**TASK ITEM:**
The line with "CASA 315 M2, 4 AMBIENTES MI BARRIO MORENO" and each line following it, up to the final line of the data, should be set down exactly; pictures stay out.

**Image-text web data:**
----
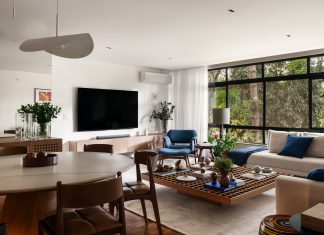 Apartamento em Brasília preserva piso original e transforma memória familiar em protagonista
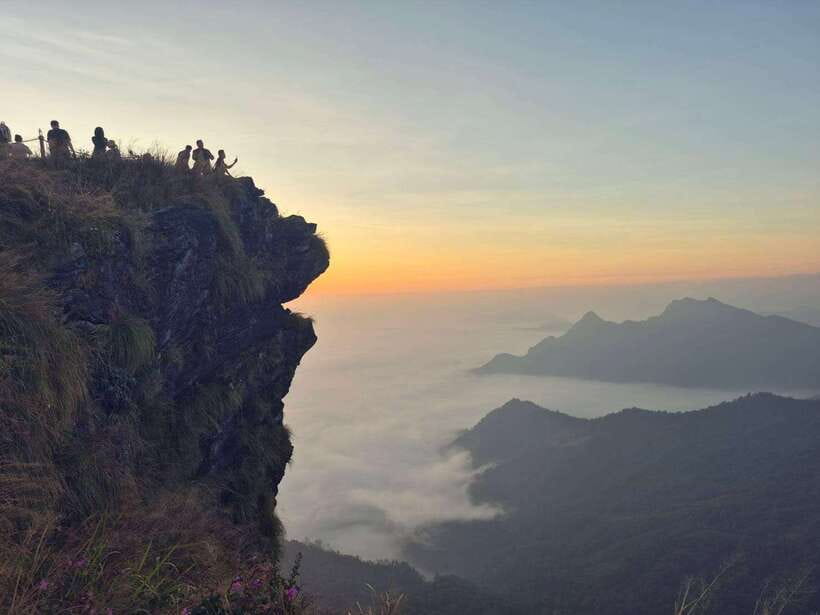 Transfer : wonder full Sunrise and landscape at Phu Chifa - The guide and communication factor (Aryu vs. limited English)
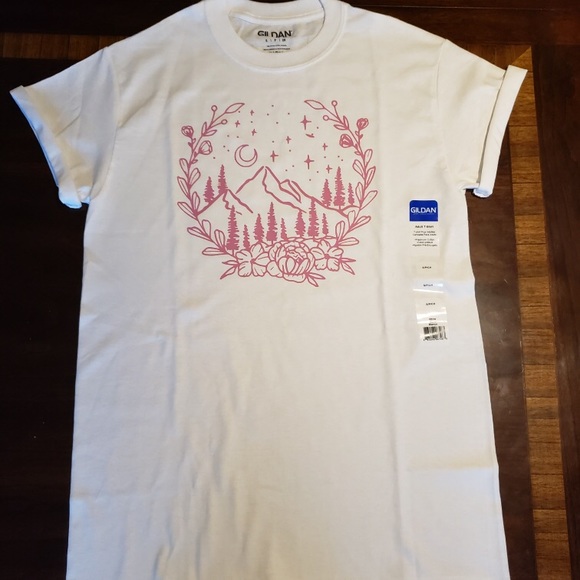 Mountains graphic tee shirt size Small - Picture 4 of 6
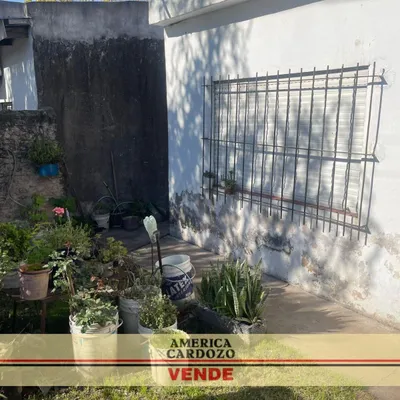 CASA 315 M2, 4 AMBIENTES MI BARRIO MORENO
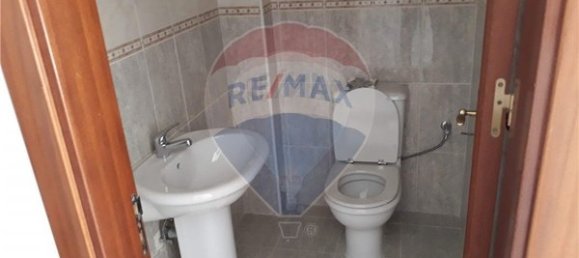 38m² Commercial property in Moimenta da Beira, Portugal No. 44677 8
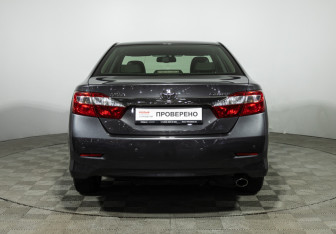 Подержанный автомобиль Toyota Camry Sedan 2014 года (6 фото)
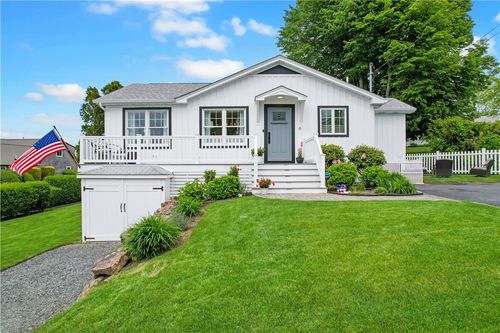 6 Dolphin Rd, Narragansett, RI, 02882-5347 | Card Image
----
**YOUR SOLUTION:**
 CASA 315 M2, 4 AMBIENTES MI BARRIO MORENO
 38m² Commercial property in Moimenta da Beira, Portugal No. 44677 8
 Подержанный автомобиль Toyota Camry Sedan 2014 года (6 фото)
 6 Dolphin Rd, Narragansett, RI, 02882-5347 | Card Image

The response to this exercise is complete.